**GIVEN MATERIAL:**
++++++

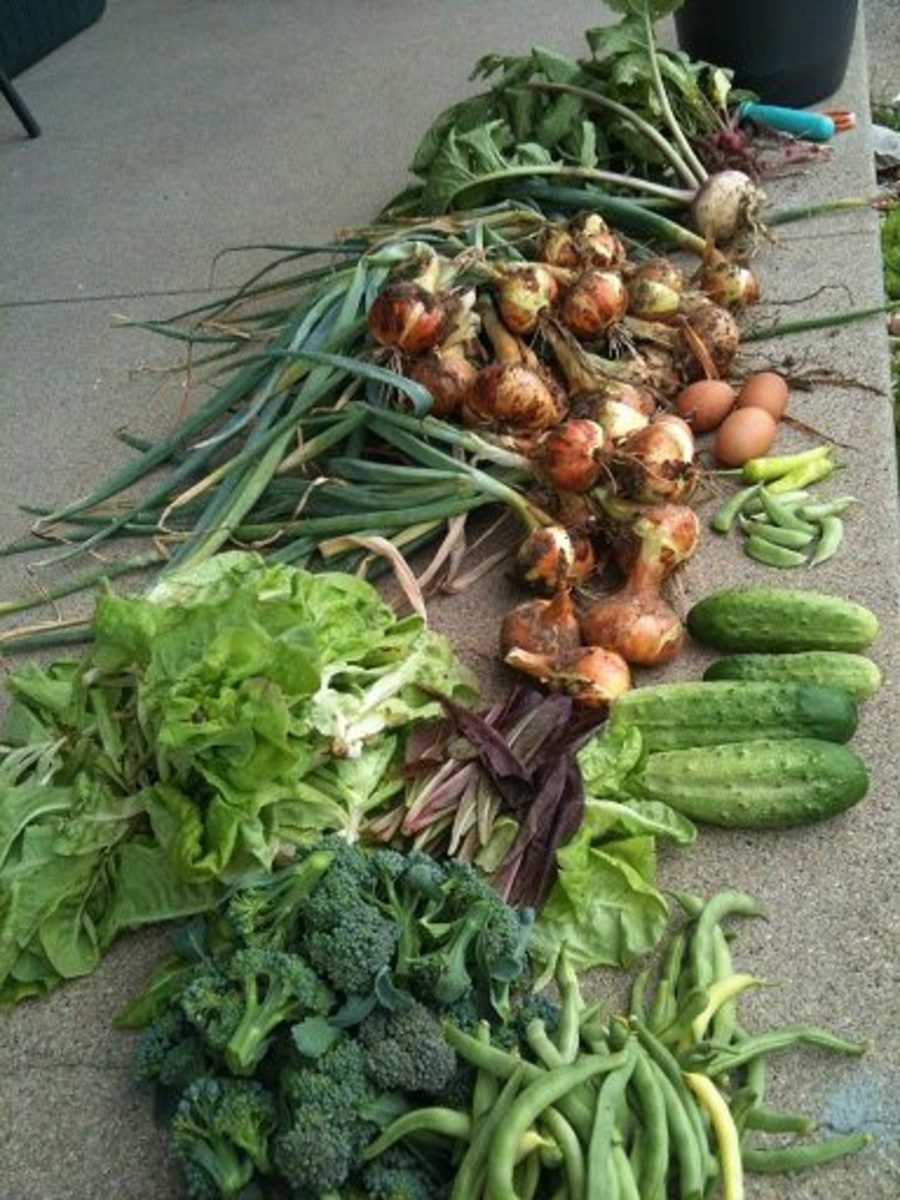 A beautiful garden harvest from last year's garden that ultimately saves money on the grocery bill.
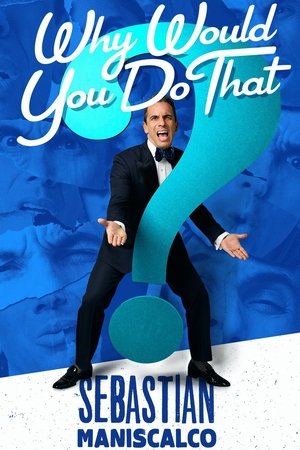 Sebastian Maniscalco: Why Would You Do That? Poster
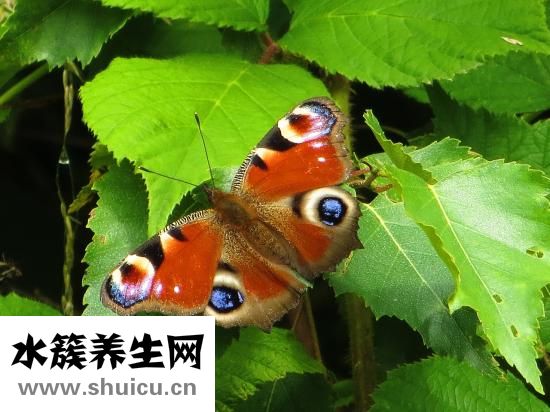 晚上踢被子怎么办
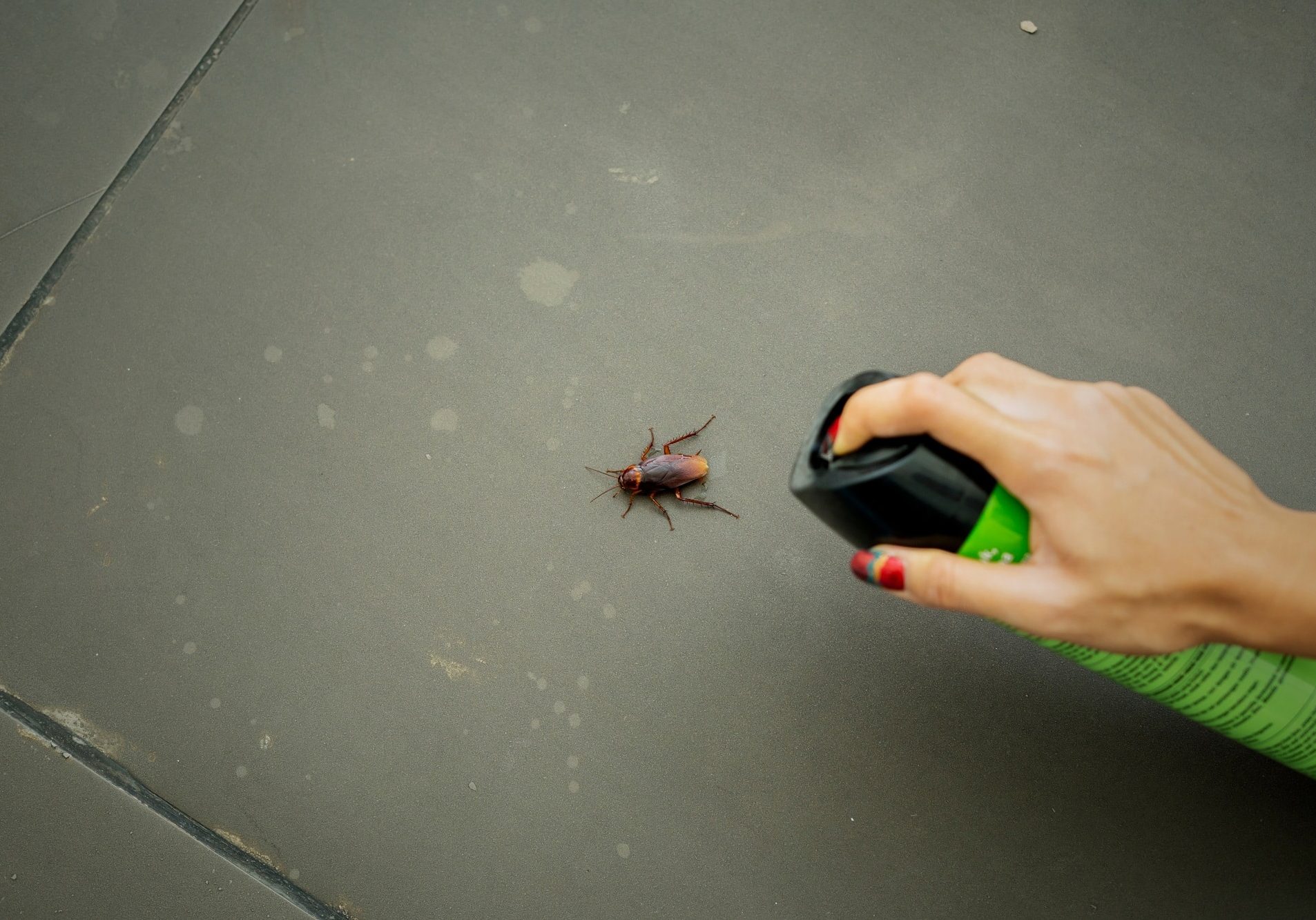 How to Remove Cockroaches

++++++

**TASK STATEMENT:** A faithful copy of the data is required: each word kept, each picture omitted.

**WORKED SOLUTION:**
 A beautiful garden harvest from last year's garden that ultimately saves money on the grocery bill.
 Sebastian Maniscalco: Why Would You Do That? Poster
 晚上踢被子怎么办
 How to Remove Cockroaches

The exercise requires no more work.